Dining Guide: 5 new & noteworthy Portland-area restaurants

The restaurant boom in Maine shows no signs of abating, but to survive, you better be good. These five newcomers appear to have staying power.

Written by: Susan Axelrod

For full listings and more restaurants, see the new searchable Restaurant & Bar Guide.

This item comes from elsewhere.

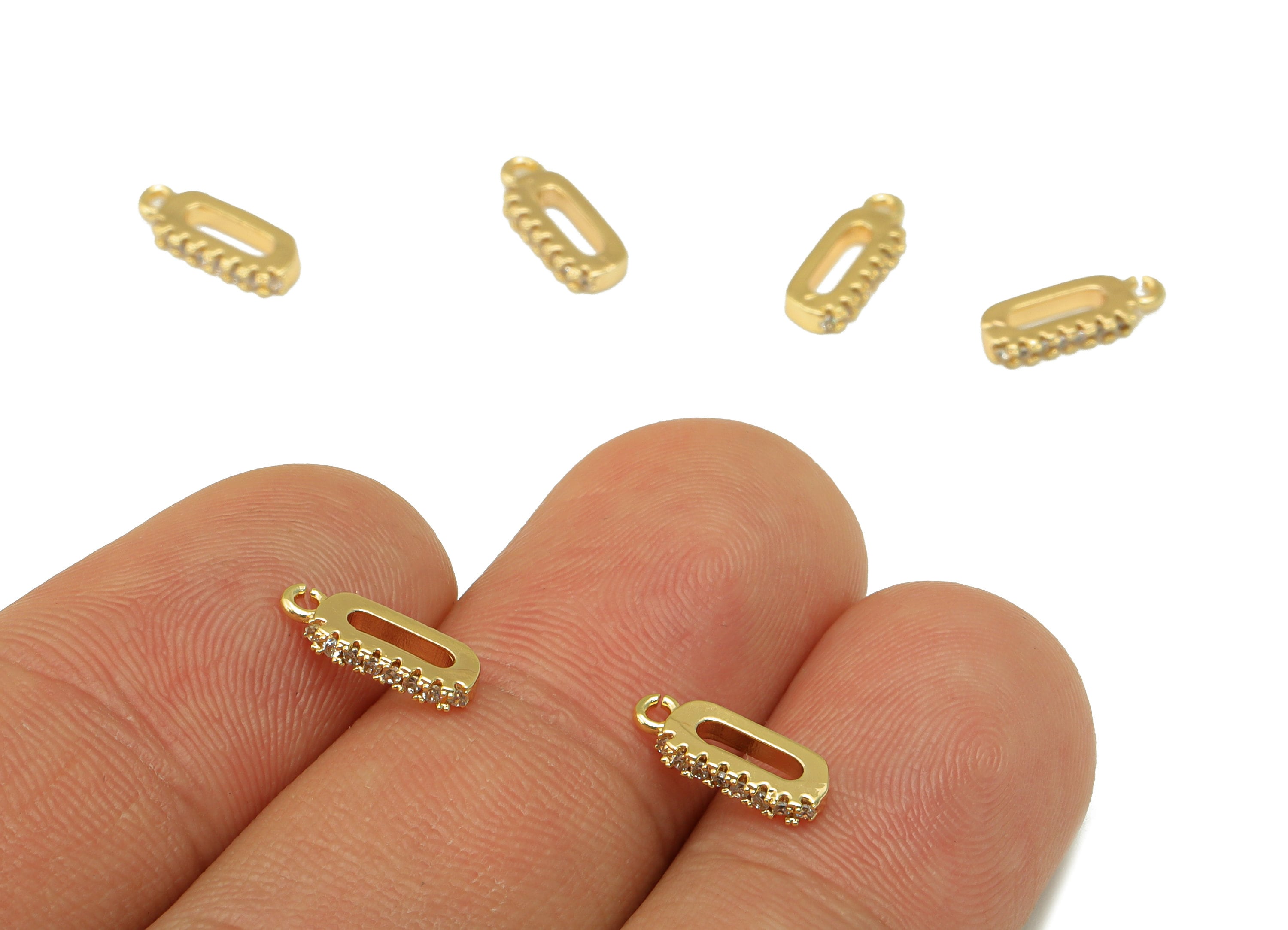 Brass Semi Ellipse Charm - Brass Cubic Zirconia Pendant - Sawtooth Earring CZ For Necklace - 18K Real Gold Plated -11x4.06x 1.55mm - RGP4349 - DOMEDBAZAAR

The kitchen bar at Central Provisions. Photo by Ted Axelrod

The kitchen bar at Central Provisions. Photo by Ted Axelrod

Central Provisions

414 Fore St., Portland | 805-1085  | central-provisions.com | $$$
In the heart of the Old Port, Central Provisions offers a menu of international small plates for exceptionally fine dining in a casual atmosphere. Upstairs, the open kitchen allows diners to watch chef/owner Chris Gould and his top-notch team at work. Downstairs, the bar is equally as exciting, serving up specialty cocktails — including some without alcohol, a thoughtful selection of wines and mostly local beers.

The main event at Slab. Photo by John Golden

The main event at Slab. Photo by John Golden

Slab

25 Preble St., Portland | 766-4400 | slabportland.com | $$
The Slab — that pillowy Sicilian pizza once available only at Miccuci Market — is back. And it now has its own restaurant, the creation of chef Jason Loring (of Nosh Kitchen Bar) and Stephen Lanzalotta, who made the iconic pie famous in the first place. Packed from the day it opened, Slab offers huge portions of well-made dishes, including sandwiches and salads as well as the pizzas, served on wooden boards or in paper boats. The enormous outdoor patio is the place to be on a summer night.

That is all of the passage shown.